Avant de s’enliser dans l’amnésie rapide et la cécité précoce, ces ex-Présidents devraient profiter du recul historique qui leur est offert pour revenir en toute humilité sur leur passage à la Magistrature Suprême de leur pays, s’auto-évaluer et s’employer à contribuer positivement au développement durable du pays dont ils continuent d’être les profiteurs privilégiés et insatiables.

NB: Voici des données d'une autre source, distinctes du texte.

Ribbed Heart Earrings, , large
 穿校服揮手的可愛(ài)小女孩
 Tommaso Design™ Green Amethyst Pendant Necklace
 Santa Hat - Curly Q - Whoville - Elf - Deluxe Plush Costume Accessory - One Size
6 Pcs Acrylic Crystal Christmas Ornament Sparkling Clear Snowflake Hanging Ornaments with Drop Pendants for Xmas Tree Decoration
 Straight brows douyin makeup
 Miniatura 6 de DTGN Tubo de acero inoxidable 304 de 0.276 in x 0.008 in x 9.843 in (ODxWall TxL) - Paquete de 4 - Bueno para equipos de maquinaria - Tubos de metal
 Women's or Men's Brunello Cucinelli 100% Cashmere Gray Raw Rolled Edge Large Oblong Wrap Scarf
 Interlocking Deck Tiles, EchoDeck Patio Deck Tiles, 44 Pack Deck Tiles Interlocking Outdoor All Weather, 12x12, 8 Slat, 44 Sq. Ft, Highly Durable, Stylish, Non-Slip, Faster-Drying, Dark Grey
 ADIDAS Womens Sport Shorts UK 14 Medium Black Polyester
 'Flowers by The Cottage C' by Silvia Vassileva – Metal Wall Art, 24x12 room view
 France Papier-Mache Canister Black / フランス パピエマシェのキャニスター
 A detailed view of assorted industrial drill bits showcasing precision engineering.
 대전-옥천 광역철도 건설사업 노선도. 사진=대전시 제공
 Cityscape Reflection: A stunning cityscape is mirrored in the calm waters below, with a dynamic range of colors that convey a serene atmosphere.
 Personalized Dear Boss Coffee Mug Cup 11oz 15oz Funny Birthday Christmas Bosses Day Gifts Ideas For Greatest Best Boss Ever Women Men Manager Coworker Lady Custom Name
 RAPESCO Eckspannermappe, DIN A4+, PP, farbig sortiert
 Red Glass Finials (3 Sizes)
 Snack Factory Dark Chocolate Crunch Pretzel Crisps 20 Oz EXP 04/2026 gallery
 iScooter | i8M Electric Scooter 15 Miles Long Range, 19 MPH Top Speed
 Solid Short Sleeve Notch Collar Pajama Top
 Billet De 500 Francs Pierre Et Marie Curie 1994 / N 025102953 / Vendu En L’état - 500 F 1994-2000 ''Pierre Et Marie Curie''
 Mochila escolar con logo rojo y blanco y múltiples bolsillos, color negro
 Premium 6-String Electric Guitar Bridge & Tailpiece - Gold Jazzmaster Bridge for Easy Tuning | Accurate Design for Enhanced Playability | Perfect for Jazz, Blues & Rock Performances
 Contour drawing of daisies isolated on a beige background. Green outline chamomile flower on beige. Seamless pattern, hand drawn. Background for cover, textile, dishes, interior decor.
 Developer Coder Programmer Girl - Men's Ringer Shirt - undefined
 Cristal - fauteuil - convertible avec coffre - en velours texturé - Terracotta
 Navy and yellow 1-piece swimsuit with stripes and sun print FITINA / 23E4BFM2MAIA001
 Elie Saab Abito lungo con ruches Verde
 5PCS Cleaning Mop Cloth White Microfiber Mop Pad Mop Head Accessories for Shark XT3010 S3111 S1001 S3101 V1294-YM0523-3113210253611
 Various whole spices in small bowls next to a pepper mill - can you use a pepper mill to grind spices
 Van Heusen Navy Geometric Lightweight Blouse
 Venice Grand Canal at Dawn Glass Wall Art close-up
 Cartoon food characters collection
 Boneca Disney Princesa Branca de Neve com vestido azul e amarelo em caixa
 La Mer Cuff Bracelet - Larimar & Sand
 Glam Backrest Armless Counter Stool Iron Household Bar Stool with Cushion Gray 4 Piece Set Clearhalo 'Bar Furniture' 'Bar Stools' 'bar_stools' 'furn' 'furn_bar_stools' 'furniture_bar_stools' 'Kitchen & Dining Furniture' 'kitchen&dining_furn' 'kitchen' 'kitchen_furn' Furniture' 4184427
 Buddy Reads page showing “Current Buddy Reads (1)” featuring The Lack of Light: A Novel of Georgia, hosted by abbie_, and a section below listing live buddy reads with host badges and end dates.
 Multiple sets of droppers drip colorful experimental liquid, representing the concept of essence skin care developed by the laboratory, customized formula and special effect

Si nous essayons de revenir sur eux un à un nous comprendrons qu’ils sont systématiquement responsables de la situation actuelle et que leur prestation actuelle est aussi lamentable qu’irresponsable.
Jean Baptiste Bagaza
Point n’est besoin d’évoquer comment il est arrivé au pouvoir et comment il y est resté pendant 11 ans. 11 ans de terreur du début à la fin. Un état d’exception permanent. Il ne fallait jamais ouvrir sa bouche, les fameux « mangamatwi » (les hommes aux oreilles grandes ouvertes) étaient omniprésents. Les hutus ne devaient ni recevoir de courrier, ni en envoyer. Surtout pas à l’étranger. Sinon c’était la prison assurée. Et après la prison et la torture, la mort mystérieuse s’en suivait. Déjà en 1979 les survivants du génocide de 1972 ont pris le chemin de l’exil pour échapper au massacre. Ce n’est pas Sylvestre Ntibantunganya qui nous contredirait ici. On ne pouvait pas lire ce qu’on voulait. Surtout pas La Vérité sur le Burundi de Boniface Kiraranganya. Encore moins L’Hiver sur le Lac Tanganyika de Nadine Nyangoma. Combien de personnes ont été emprisonnées pour avoir lu un numéro du journal Jeune Afrique que Bagaza ne voulait pas?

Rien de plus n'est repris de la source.